◆ Required work:
Beginning with the line containing "Enza Costa Cocktail Dress (view 2)" and ending at the last line of the data, set down every line exactly, leaving out all pictures.

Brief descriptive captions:

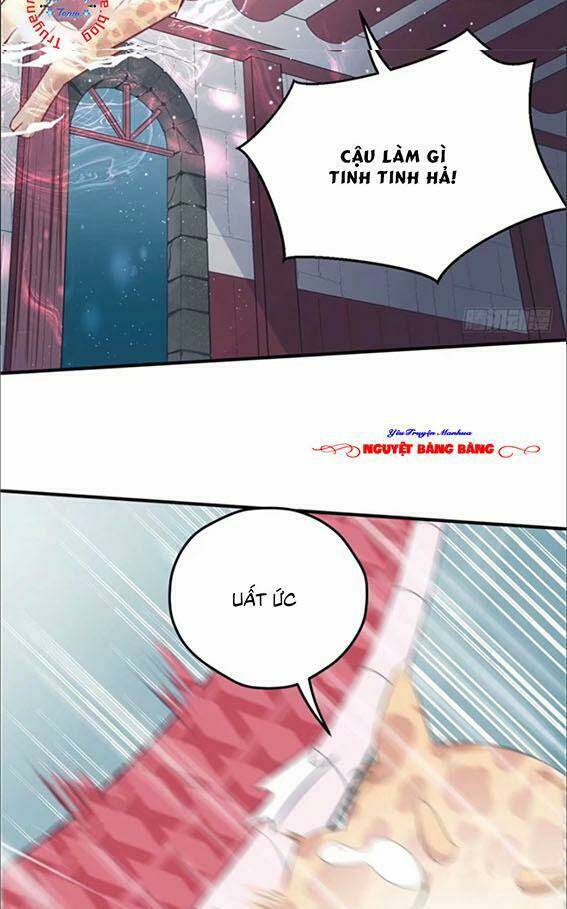 Thảnh Thơi Thú Thế Chủng Chủng Điền, Sinh Sinh Tể: Chapter 82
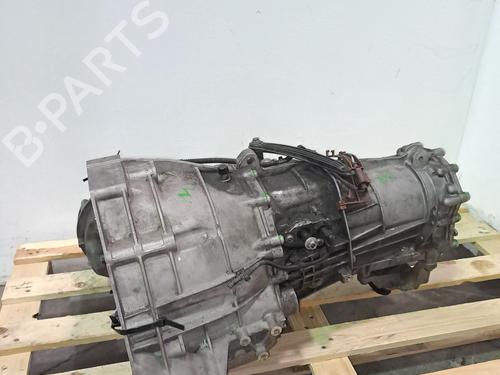 Used Gearbox AUDI A4 B8 (8K2) 2.0 TDI (136 hp) 24109277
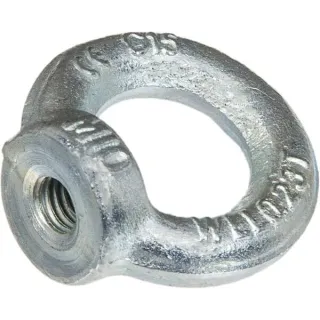 Lifting eye nut  80221000 Kuhn
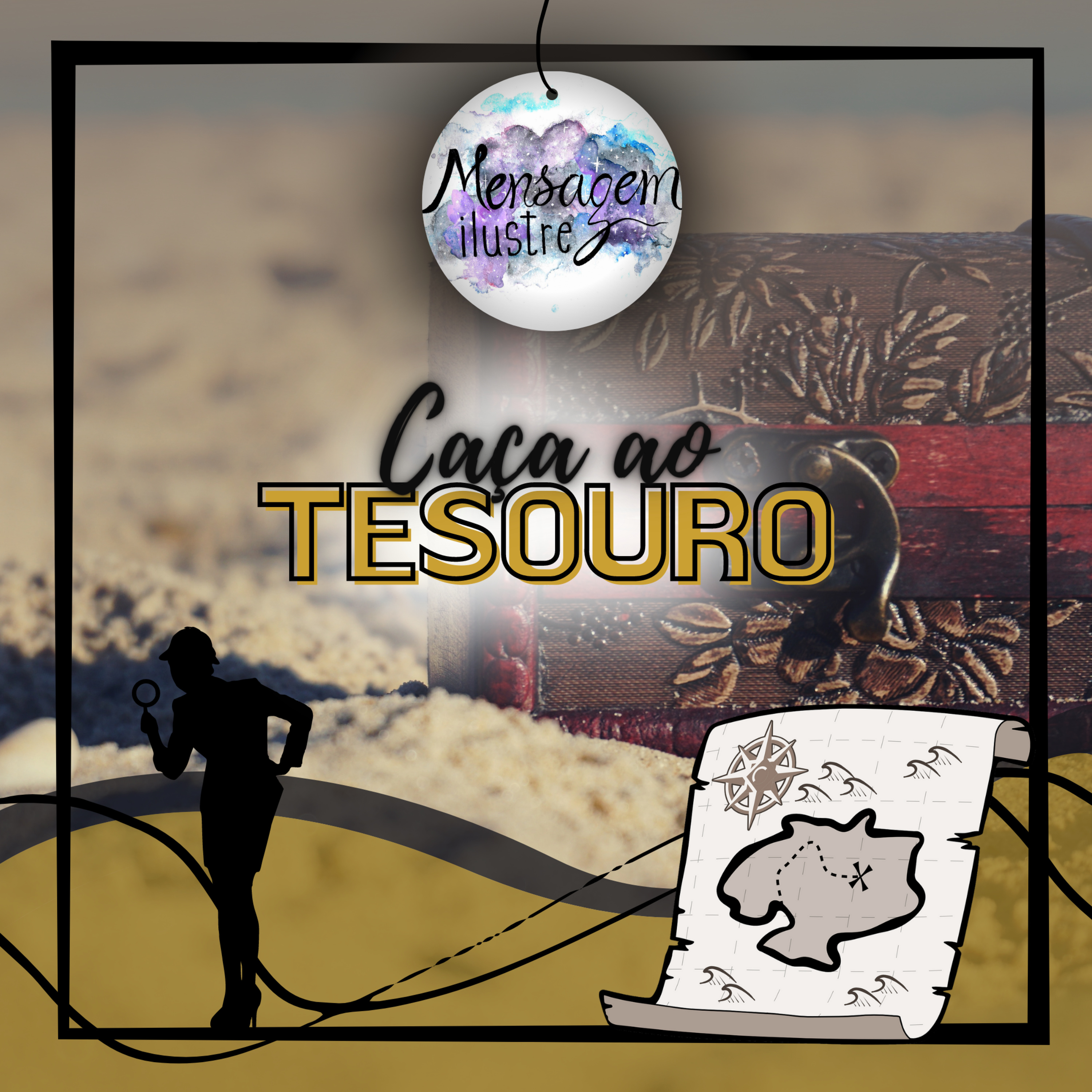 Mensagem Ilustre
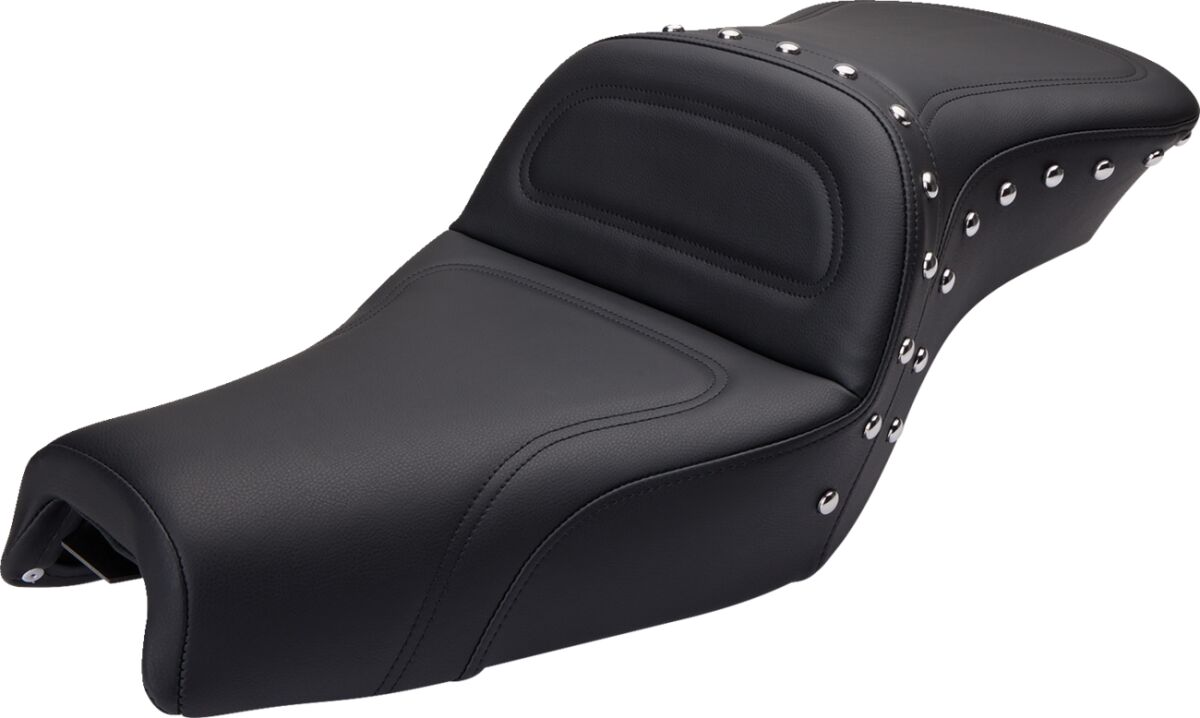 SADDLEMEN 807-03-039 Sella Explorer Special HARLEY DAVIDSON XL 883 N 04>22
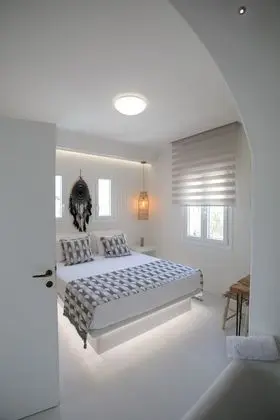 Deluxe Villa, Deniz Manzaralı (Outdoor Jacuzzi)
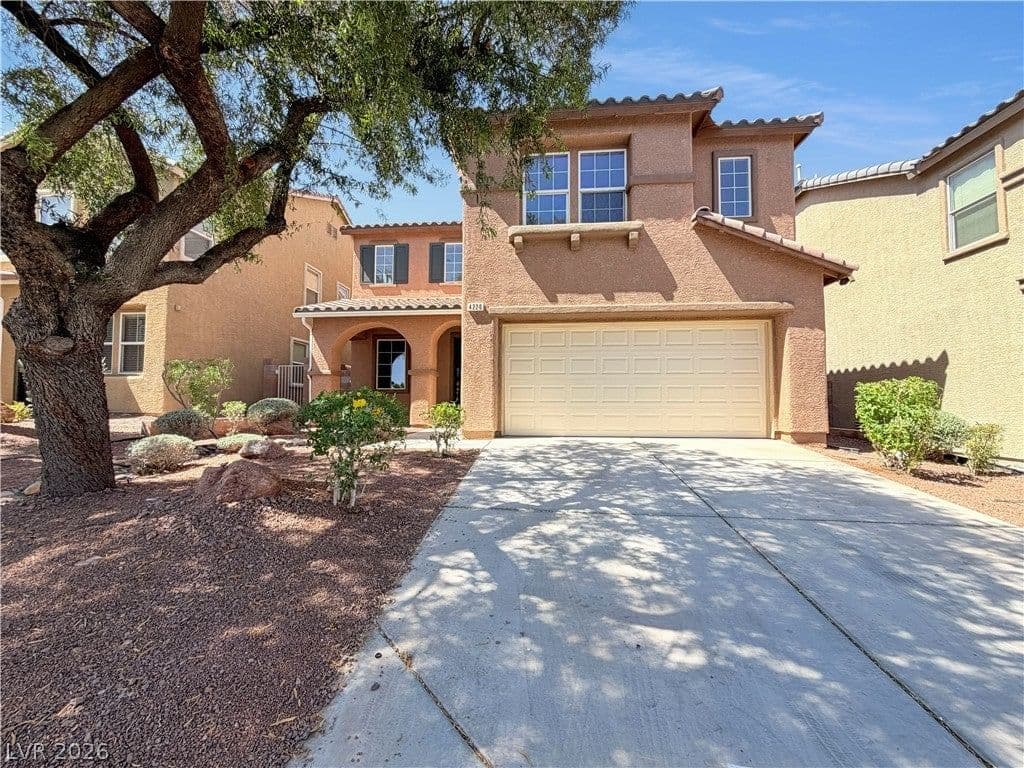 4220 Iris Pearl AVE
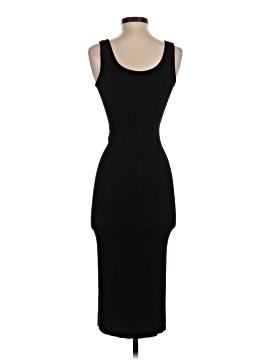 Enza Costa Cocktail Dress (view 2)
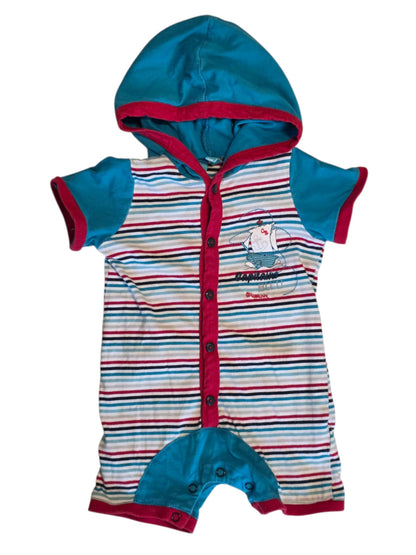 Chapô Pointû | 9 mois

◆ Answer area:
 Enza Costa Cocktail Dress (view 2)
 Chapô Pointû | 9 mois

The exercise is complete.